BINGE DRINKING BY ADULTS AGED 65 YEARS AND OLDER NEGATIVELY AFFECTS COGNITIVE FUNCTION AND MEMORY.

In a study that analyzed data from over 5,000 U.S. adults aged 65 years and older, researchers found that those who reported binge drinking at least twice each month were 2.5 times more likely to experience higher levels of decline in cognitive function and memory over the eight-year study period. Outcomes were similar in women and men. In this study, binge drinking was defined as consuming four or more drinks on one occasion. This research was led by Dr. Iain Lang from University of Exeter in the U.K., and the results were presented at the Alzheimer’s Association International Conference 2012 in Vancouver, Canada.

EXCESSIVE DRINKING IN MIDLIFE SUBSTANTIALLY INCREASES THE RISK OF DEMENTIA LATER IN LIFE.

Researchers in Finland – Tarja Jürvenpää and colleagues – examined data from 554 Finnish twins who provided information about their alcohol consumption at two different times (in 1975 and 1981) and were later assessed for dementia (once they were over the age of 65, between 1999 and 2001). The results indicated that those who reported binge drinking in 1975 (i.e. consumed more than five bottles of beer or a bottle of wine on one occasion at least monthly) were 3.2 times more likely to have dementia when they were over the age of 65. The researchers also found that participants who reported in 1981 that they had passed out at least twice from excessive alcohol in the previous year were 10.5 times more likely to develop dementia later in life. These results were reported in 2005 in Epidemiology.
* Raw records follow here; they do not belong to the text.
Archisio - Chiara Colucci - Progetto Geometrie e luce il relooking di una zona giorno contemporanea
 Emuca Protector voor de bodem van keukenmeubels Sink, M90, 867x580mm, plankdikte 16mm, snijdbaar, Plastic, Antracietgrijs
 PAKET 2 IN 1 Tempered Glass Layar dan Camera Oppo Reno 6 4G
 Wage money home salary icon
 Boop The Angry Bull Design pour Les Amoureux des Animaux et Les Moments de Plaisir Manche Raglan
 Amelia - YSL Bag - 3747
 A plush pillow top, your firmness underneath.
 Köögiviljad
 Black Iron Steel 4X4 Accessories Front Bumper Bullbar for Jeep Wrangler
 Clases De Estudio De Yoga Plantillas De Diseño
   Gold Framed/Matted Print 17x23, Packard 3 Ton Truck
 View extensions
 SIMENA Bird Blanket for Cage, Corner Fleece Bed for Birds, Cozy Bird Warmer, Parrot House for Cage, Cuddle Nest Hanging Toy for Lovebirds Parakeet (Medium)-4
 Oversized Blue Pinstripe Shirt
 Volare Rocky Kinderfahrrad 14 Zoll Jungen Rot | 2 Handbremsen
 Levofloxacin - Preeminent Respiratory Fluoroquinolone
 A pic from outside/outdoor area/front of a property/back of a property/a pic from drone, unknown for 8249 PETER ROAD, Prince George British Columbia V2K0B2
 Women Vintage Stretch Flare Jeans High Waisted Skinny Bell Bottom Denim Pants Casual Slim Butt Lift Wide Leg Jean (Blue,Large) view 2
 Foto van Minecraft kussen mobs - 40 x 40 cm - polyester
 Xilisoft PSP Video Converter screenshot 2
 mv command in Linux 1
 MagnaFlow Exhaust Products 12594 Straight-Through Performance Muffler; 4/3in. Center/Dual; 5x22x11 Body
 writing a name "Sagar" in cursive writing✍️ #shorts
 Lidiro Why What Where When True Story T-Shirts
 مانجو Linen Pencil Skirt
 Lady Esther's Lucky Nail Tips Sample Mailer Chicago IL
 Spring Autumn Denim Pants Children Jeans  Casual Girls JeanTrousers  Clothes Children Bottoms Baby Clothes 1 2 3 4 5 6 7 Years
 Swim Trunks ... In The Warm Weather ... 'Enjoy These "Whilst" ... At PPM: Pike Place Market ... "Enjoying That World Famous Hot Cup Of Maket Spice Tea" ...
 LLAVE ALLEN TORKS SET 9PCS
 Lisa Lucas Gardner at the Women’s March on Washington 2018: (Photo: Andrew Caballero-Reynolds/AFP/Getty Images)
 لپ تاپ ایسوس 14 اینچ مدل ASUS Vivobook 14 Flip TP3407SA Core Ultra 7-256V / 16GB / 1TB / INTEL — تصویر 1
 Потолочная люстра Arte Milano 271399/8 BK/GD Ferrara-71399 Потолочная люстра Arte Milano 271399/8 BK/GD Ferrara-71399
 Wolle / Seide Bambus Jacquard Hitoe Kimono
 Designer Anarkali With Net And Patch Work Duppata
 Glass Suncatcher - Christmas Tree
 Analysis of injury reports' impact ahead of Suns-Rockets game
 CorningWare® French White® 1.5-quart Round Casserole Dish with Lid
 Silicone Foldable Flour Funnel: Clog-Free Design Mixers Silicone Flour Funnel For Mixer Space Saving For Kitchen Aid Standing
EXCESSIVE DRINKING CAN LEAD TO A MEMORY DISORDER REFERRED TO AS “KORSAKOFF SYNDROME,” WHICH IS CAUSED BY A SEVERE DEFICIENCY OF THIAMINE (VITAMIN B-1).

Alcohol is known to contribute to thiamine deficiency and thiamine is an essential nutrient for brain function. Korsakoff Syndrome makes it difficult to learn new information and remember recent events, and can cause long-term memory gaps. Korsakoff Syndrome often, but not always, follows an episode of Wernicke Encephalopathy – a medical emergency involving a life-threatening brain reaction to severe thiamine deficiency. Sometimes the two conditions are referred to collectively as Wernicke-Korsakoff Syndrome. When Wernicke Encephalopathy goes untreated, it leads to death in as many as 20% of cases and progresses to Korsakoff Syndrome in 85% of survivors.

Thiamine deficiency is not the only mechanism through which excessive drinking can affect brain health. Alcohol misuse can also lead to brain damage through the direct neurotoxicity of alcohol, alcohol-related cerebrovascular disease, and head injuries that occur while drunk.

Sadly, alcohol misuse is quite common. Rates of alcohol use disorders vary significantly across the globe but are estimated to range up to a high of 16% of the population in some areas.

The good news is that people with alcohol-related disorders that affect the brain can sometimes partially recover if they stop drinking alcohol permanently. Older drinkers, however, are less likely to recover even when they stop drinking.

When someone consumes a high number of alcoholic beverages in a given week, it is considered HEAVY DRINKING. According to the Centers for Disease Control and Prevention (CDC) in the U.S., this is considered 8 or more drinks for women and 15 or more drinks for men. It is considered BINGE DRINKING when someone consumes a high number of alcoholic beverages on one occasion: 4 or more drinks for women, 5 or more drinks for men. **

“Standard” drink sizes vary from country to country. For instance, in the U.K. a “standard” drink contains 8 grams of alcohol, versus 10 grams in Australia, 13.6 grams in Canada, 14 grams in the U.S., and 19.75 grams in Japan. Additionally, definitions of “high” levels of alcohol consumption could range from 10 “standard” drinks a week to more than 9 “standard” drinks each day.

Click here to read original article in Mind Over Matter Volume 6, page 10.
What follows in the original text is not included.